# Problem description:
Copy exactly the lines of the data below that run from the line holding "individuais e trabalhadores avulsos." through the line holding "C)The population was relatively small.", both ends included.

Records from a data source:
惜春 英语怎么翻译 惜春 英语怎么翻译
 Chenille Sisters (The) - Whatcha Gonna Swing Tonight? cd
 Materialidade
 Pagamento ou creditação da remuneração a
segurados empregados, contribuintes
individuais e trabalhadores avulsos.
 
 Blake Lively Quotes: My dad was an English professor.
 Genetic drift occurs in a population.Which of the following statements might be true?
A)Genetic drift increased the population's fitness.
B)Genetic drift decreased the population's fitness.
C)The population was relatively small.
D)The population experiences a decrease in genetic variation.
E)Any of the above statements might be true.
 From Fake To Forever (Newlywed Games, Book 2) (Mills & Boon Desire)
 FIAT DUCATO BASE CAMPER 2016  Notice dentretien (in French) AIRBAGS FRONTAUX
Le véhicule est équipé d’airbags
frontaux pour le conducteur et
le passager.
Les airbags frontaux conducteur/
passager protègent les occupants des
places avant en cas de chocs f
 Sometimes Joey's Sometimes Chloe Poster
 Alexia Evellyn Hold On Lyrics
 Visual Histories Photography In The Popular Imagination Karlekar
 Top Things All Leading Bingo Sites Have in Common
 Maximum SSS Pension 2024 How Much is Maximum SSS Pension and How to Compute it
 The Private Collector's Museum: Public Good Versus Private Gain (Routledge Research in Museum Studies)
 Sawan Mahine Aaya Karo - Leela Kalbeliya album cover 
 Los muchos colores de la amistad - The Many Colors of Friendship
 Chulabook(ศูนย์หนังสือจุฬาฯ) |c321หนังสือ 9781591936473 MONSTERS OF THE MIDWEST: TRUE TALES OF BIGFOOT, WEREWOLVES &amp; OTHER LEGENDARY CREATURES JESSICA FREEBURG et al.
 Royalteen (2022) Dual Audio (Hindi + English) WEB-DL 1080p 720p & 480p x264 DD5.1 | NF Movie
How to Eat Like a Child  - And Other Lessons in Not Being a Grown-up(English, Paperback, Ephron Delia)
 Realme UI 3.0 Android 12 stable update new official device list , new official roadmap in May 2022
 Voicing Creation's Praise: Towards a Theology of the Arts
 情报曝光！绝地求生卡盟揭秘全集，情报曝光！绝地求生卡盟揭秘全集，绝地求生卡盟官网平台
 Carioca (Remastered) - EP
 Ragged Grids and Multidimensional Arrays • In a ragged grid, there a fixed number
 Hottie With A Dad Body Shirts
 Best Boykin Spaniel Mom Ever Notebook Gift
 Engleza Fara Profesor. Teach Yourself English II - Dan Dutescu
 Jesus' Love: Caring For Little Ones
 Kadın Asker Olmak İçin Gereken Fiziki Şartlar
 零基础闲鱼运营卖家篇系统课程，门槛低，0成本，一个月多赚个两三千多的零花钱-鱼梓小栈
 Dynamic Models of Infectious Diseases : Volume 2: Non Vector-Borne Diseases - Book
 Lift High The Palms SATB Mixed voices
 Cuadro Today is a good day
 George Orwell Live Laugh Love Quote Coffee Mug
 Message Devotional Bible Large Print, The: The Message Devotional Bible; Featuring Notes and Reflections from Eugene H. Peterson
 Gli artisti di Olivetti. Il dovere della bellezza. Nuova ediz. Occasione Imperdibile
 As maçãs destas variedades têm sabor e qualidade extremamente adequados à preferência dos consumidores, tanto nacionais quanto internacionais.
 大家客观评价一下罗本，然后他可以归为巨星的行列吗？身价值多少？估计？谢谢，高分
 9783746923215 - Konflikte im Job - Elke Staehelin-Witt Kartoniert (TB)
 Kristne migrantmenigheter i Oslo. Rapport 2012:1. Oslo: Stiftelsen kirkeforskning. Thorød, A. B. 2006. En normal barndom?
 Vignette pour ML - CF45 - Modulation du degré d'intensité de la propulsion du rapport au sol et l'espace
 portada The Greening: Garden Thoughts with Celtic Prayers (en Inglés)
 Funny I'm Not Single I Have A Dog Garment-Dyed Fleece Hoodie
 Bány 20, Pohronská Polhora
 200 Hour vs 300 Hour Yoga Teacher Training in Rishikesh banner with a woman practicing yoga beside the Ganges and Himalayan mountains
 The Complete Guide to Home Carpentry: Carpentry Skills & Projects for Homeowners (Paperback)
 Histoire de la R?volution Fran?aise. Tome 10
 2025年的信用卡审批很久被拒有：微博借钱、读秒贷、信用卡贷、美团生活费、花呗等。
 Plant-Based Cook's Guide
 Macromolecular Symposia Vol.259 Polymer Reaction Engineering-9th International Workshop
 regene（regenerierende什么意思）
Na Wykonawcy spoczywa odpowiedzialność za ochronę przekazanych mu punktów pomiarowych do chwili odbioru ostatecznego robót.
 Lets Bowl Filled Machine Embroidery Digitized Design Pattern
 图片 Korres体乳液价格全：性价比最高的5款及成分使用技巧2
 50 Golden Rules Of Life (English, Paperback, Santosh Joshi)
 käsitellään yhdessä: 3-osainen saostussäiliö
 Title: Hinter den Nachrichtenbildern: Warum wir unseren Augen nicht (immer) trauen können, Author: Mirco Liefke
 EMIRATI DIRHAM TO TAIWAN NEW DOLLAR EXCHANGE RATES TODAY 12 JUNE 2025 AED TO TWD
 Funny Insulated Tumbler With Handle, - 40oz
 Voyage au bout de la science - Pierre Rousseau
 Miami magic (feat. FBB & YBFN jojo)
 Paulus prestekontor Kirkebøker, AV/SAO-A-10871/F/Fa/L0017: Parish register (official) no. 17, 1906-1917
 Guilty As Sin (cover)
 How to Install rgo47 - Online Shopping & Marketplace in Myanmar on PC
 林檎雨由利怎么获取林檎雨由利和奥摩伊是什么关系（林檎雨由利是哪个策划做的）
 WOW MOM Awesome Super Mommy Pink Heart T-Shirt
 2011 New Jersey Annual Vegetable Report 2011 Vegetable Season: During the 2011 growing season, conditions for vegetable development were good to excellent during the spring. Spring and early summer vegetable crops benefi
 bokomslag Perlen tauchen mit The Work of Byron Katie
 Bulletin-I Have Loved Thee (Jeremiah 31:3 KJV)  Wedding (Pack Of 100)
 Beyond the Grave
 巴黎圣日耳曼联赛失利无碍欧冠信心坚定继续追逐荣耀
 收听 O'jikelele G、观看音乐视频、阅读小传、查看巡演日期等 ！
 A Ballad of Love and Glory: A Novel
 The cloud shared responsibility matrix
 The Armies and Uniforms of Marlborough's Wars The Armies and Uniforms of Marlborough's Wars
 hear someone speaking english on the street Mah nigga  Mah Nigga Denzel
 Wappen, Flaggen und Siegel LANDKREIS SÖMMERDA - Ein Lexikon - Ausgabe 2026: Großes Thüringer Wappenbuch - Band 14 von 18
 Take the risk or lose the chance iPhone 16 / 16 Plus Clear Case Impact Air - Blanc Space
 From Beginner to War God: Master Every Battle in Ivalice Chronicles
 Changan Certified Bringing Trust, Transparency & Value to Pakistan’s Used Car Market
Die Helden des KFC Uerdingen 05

# Response to the task:
individuais e trabalhadores avulsos.
 
 Blake Lively Quotes: My dad was an English professor.
 Genetic drift occurs in a population.Which of the following statements might be true?
A)Genetic drift increased the population's fitness.
B)Genetic drift decreased the population's fitness.
C)The population was relatively small.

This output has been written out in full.